The Kansas bench celebrates during a game this season. The Jayhawks are currently 10th in the NET rankings. Photo by Denny Ledley/USA Today.

JOSH MULLENIX | STAFF REPORTER | jmulleni@butler.edu

As of Dec. 1, the Kansas Jayhawks had two wins against AP top 10 teams: Michigan State and Tennessee. They’ve also beaten Marquette, who was picked to finish second in the Big East this season.

Meanwhile, the Belmont Bruins were 6-0 with their best win coming against Lipscomb. As a result, the Jayhawks were ranked No. 2 in the AP top 25 while the Bruins are unranked. Seems logical.

But there is a ranking system that ranked the Bruins ahead of Kansas.

I know what you’re thinking. It’s probably one of those rankings on an obscure site created by someone who doesn’t know what they’re talking about. Nope. It’s the NCAA Evaluation Tool, or NET rankings, that had the Bruins ranked ninth and the Jayhawks 14th.

I have nothing against Belmont. They are clearly the best team in the Ohio Valley Conference and have maybe the best player in the league in Dylan Windler.

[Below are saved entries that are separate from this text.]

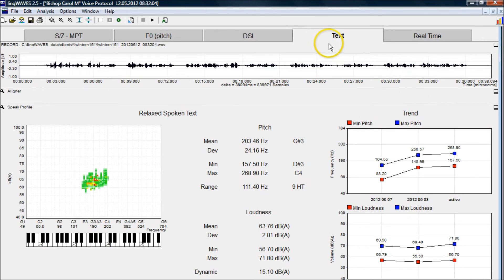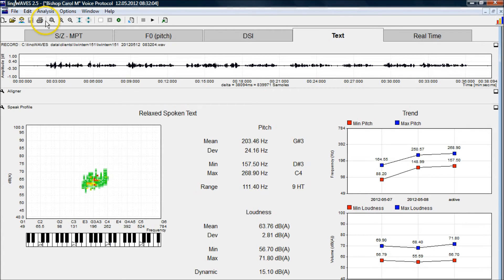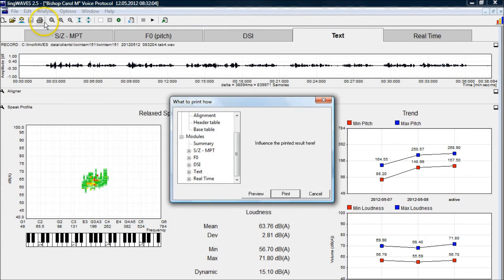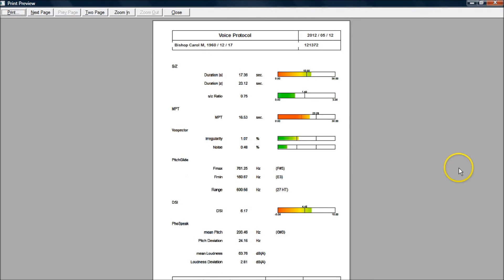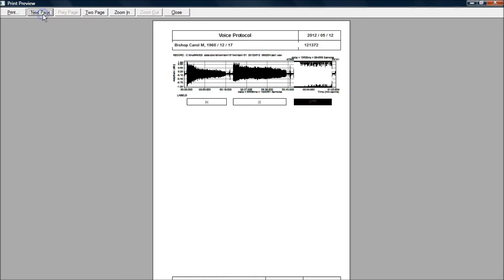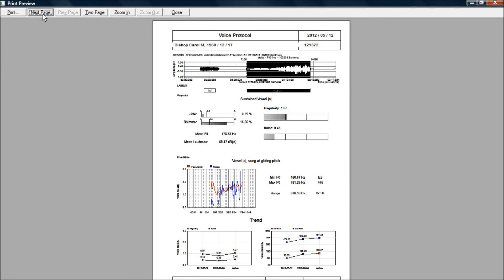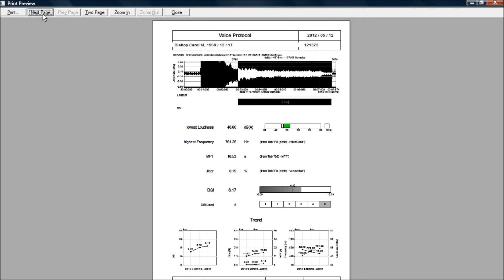And that concludes the formal part of the assessment. From here we always save our work, or it will always prompt us to save when we go to close it. We want to print a report, so we go to the print icon, and we can look at it if we go to preview. This prints a comprehensive report of the whole voice protocol assessment. You'll see all our measurements and results in here, and when we're happy with that, we print.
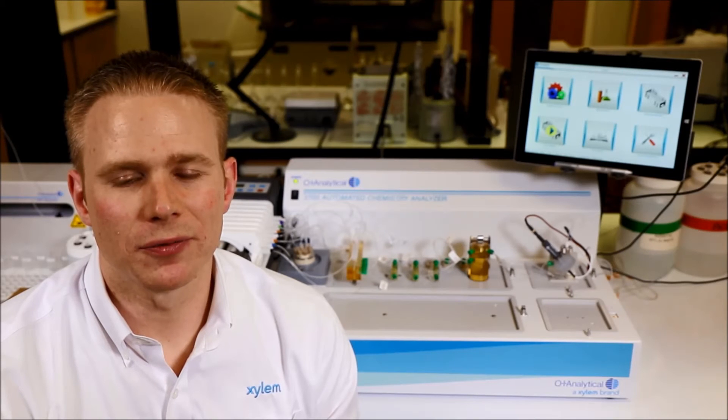In addition to our methods for cyanide analysis, we also offer methods for ammonia, TKN, phenol, anionic surfactants, total phosphorus, total nitrogen, chloride, and all of these by ASTM, ISO, EPA, or standard methods.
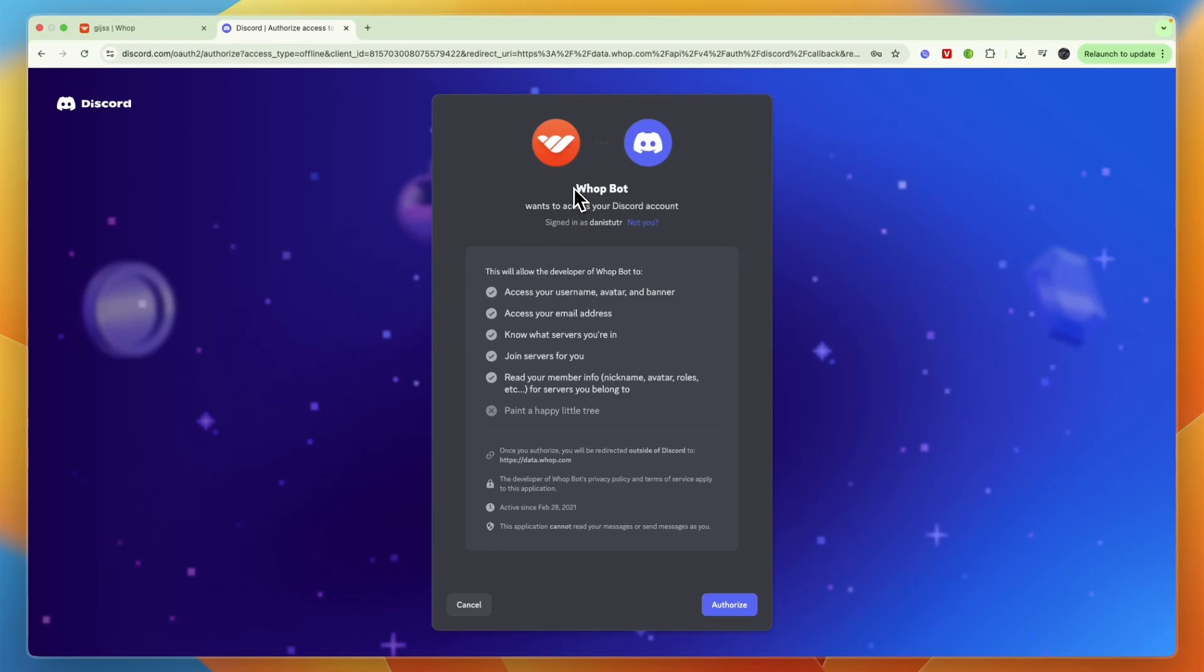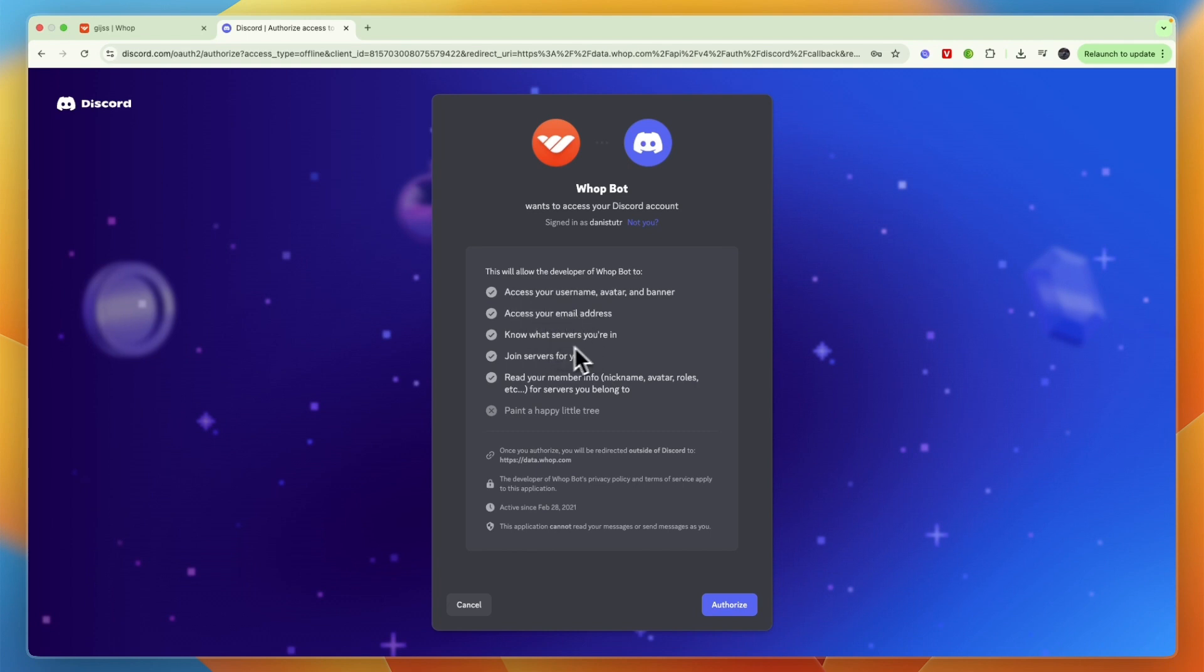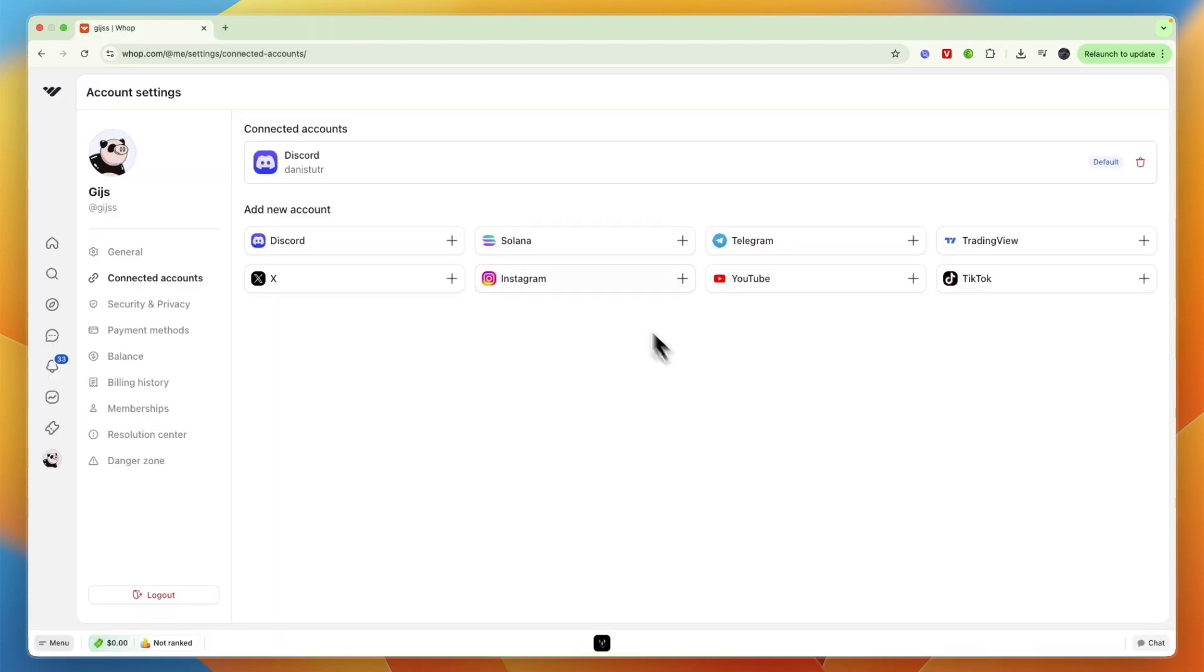then you can see Wap Bot wants to access your Discord account. This will allow the developer of Wap Bot to access your username, access your email address, know what servers you are in, join the servers you are in, and read your member info. From there, just click Authorize, and you will see that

If you asked me to decide whether or not they’d be in the NCAA Tournament come March, I’d probably say yes. But they shouldn’t be ninth in any national ranking.

The NET rankings are college basketball’s newest ranking system and are going to replace RPI. The RPI, or rating percentage index, is used to rank teams based on the quality of wins and losses and strength of schedule. Moving forward the NET will be the main measuring stick in deciding which teams will make up the tournament field come March, hence the name, “NCAA Evaluation Tool”.

According to the NCAA, the rankings rely on game results, strength of schedule, game location, scoring margin, net offensive and defensive efficiency, and the quality of wins and losses.

I have a fundamental problem with this. It’s not logical to have a ranking system that produces these results, especially when these rankings are used to determine NCAA tournament fields.

Even as the rankings continue to collect more data and the system begins to work itself out. Through games on Dec. 3, Utah State is ranked 18th on this list, Radford is 29th and San Francisco is ahead of them at 26th. Where this really becomes a problem is in the NCAA’s quadrant system.

The quadrant system was implemented last season to group teams into categories to determine quality of wins. It’s considered a good addition. But now quadrants are based on the NET rankings. A quadrant one win, the best kind of win you can get, is defined as a home win against a team ranked between 1-30 on the NET rankings, a neutral court win against a team ranked 1-50 and a road win against a team within 1-75.

This is essentially how the NCAA selection committee determines how good your wins are. It worked fairly well last year. But as of Dec. 3, beating the aforementioned Utah State and Radford on your home court counts as a quadrant one win. But if I were to beat Villanova, Marquette, or Florida State on my home floor tonight, it would count as a quadrant two win.

In no universe should I get more props for beating Radford on my home floor than beating Jay Wright’s Villanova. But according to the NET Rankings, that’s the case right now.

Hopefully everything will work itself out as the season progresses. And I understand these rankings will more than likely look the way they are supposed to by the time it matters. I’m just not sure how these rankings could ever produce these results.

I can’t comprehend why we need another ranking system. It is not that hard to pick 68 of the best resumes at the end of a college basketball season.

What are we trying to achieve? What was missing in the way the tournament field was selected every season? Between top 25 teams and the fact that 32 teams get an automatic bid, I could easily give you 50 teams that should make the Big Dance. In other words, no team that has a real shot to win a national championship is being left out.

If nothing else, the NCAA should have waited until the rankings made sense to avoid the backlash they have gotten from coaches and the media. We just don’t need these rankings yet. They aren’t publicly advertised anywhere like the AP poll is, so why is the NCAA in such a rush to publish them?

All the NET rankings do is invite unnecessary criticism. Putting it out now does nothing but expose its early-season inaccuracies, just like any other poll driven by data. When it does work itself out, chances are it won’t look all that different from the RPI anyway. Change for change’s sake, which is all the NET rankings are, doesn’t achieve anything.